This is a first installment of my blog. I’m excited about it and nervous. Will it be useful and meaningful? Will I be able to keep up with it? My interests are so broad that I’m afraid my posts won’t have a consistent thread. Well, maybe that’s not me. I’m, at times, disparate, inattentive and self-centered. I often am motivated to instruct rather than take the time to listen first. Mostly my motivation is to be collaborative. To me, this means to have confidence in my own beliefs, recognize the validity of the beliefs of others and engage in conversation that fosters the mutuality that is essential for life.
I came late to my career as a psychologist, first being a pharmacist in the East Bronx, school teacher in New York City in the 60’s, and married and the father of three boys when I began my doctoral studies at Penn State in 1969. Though I was already influenced by my life experiences, I had an epiphany recognizing that what I was learning from Louise and Bernard G. Guerney, Jr., my professors, was consistent with my world view. In fact, it remains my world view.

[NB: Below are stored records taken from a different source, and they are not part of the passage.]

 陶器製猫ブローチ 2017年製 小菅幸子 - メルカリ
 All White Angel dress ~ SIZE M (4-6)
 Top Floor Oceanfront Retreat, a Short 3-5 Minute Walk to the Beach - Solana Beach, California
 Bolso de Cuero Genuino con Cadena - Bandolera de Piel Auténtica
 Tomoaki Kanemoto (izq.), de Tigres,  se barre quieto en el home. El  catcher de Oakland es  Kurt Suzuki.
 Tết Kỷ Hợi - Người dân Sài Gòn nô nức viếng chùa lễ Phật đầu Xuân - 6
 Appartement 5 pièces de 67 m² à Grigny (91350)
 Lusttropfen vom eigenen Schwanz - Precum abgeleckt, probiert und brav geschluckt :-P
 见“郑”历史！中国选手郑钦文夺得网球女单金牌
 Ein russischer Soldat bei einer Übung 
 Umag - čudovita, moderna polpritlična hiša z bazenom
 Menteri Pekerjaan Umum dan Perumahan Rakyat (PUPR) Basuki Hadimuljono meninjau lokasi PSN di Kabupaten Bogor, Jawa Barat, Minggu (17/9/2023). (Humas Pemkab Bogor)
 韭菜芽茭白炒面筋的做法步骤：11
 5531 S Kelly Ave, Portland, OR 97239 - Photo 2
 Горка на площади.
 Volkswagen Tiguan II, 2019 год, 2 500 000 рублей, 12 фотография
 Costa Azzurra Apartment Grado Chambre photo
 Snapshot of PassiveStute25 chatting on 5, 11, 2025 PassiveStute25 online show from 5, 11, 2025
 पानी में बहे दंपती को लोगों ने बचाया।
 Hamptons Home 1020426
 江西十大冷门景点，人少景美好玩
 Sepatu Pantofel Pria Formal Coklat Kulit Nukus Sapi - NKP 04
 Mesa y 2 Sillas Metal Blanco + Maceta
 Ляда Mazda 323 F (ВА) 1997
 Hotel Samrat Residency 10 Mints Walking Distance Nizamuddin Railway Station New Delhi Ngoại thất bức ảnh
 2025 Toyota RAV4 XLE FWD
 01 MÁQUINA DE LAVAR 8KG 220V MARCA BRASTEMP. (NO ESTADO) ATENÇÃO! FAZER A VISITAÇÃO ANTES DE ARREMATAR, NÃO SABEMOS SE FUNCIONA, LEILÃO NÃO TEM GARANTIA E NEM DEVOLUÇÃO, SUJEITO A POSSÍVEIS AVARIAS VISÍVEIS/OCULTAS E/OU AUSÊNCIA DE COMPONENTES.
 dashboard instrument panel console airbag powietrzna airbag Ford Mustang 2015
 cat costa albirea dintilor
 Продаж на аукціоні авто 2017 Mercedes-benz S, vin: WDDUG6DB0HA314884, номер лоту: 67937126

My first post comes from the spotlight section of my old website. I think that it is a good place to start:
Bernard Guerney asserted that Relationship Enhancement is a value-laden approach based on honesty and compassion. When a relationship is honest and compassionate, it is likely to be equivalent, meaning that parties respect that they are equal in the relationship.. Guerney proposed that the development of an “empathic relationship” as the primary objective in Relationship Enhancement.
Let’s hear him describe this in his own words: “The empathic relationship has been defined as one wherein the participants more frequently exercise compassionate understanding of their own and the other’s thoughts, needs, wishes, and feelings. In an empathic relationship, each person can view and express the issues and emotions in their relationship more openly; with relatively little defensiveness, guilt and blame. Each of them is more in touch with his own values, needs, and feelings regarding the relationship so that he engages in fewer self-deceptions and employs fewer psychological defense mechanisms. Each of them relates to the other his values, needs, and feelings regarding the relationship with greater clarity and directness. Each of them does this in such a manner as to reduce as much as possible the other’s psychological pain and the other’s tendency to respond to such communication with defensiveness and counterattack. (Guerney, B.G.,Jr., 1977, pp 14-15)”
Relationship Enhancement practitioners believe that an empathic relationship promotes:
Dr. Guerney and his wife, Louise Fisher Guerney began to formulate what eventually became Relationship Enhancement at a time when therapists were not supposed to convey their values to their clients. They thought that alternate, “value-laden”, approach would be more up front, informing clients of the assumptions, values, that inform the therapy. Once clients are informed about these values, they are in a better position to decide if they can accept these values and choose to participate in the therapy. Once clients, so informed, agree to work with the therapist, they form a collaboration with the therapist.
Collaboration then becomes a value shared between clients and therapist that is more likely to assure a more satisfying outcome. Collaboration is an essential value in all relationships and one of the guiding principles of RE.
This emphasis on collaboration leads to an associated value, the notion of equivalence. A successful collaboration is based on an assumption that all participants in the relationship are respected as equivalent, on the same plane. Even though it may be necessary for one participant to act in a hierarchical or one up position, each is respected, e.g. as a parent, the child is still respected as an equivalent human being. Even though I have the power to discipline my child, it’s important that I discipline in a way that maintains respect for the child. This is one of the outcomes we look for in Filial Relationship Enhancement.
Relationship Enhancement asserts this value for all relationships including a therapeutic one. Collaboration and equivalence are part of the agreement to learn skills in RE. An equivalent relationship is built on applying the skills of acceptance and learning to be nonjudgmental. Only then, can the collaboration be successful.
The values of collaboration and equivalence are important for all relationships to be successful and satisfying. Helping people, who are important to each other, learn the skills of collaboration and equivalence and maintain them in their relationship are important goals of Relationship Enhancement.
Guerney, B. G., Jr. (1977) Relationship Enhancement: Skill-training programs for therapy, problem prevention, and enrichment. San Francisco: Jossey-Bass.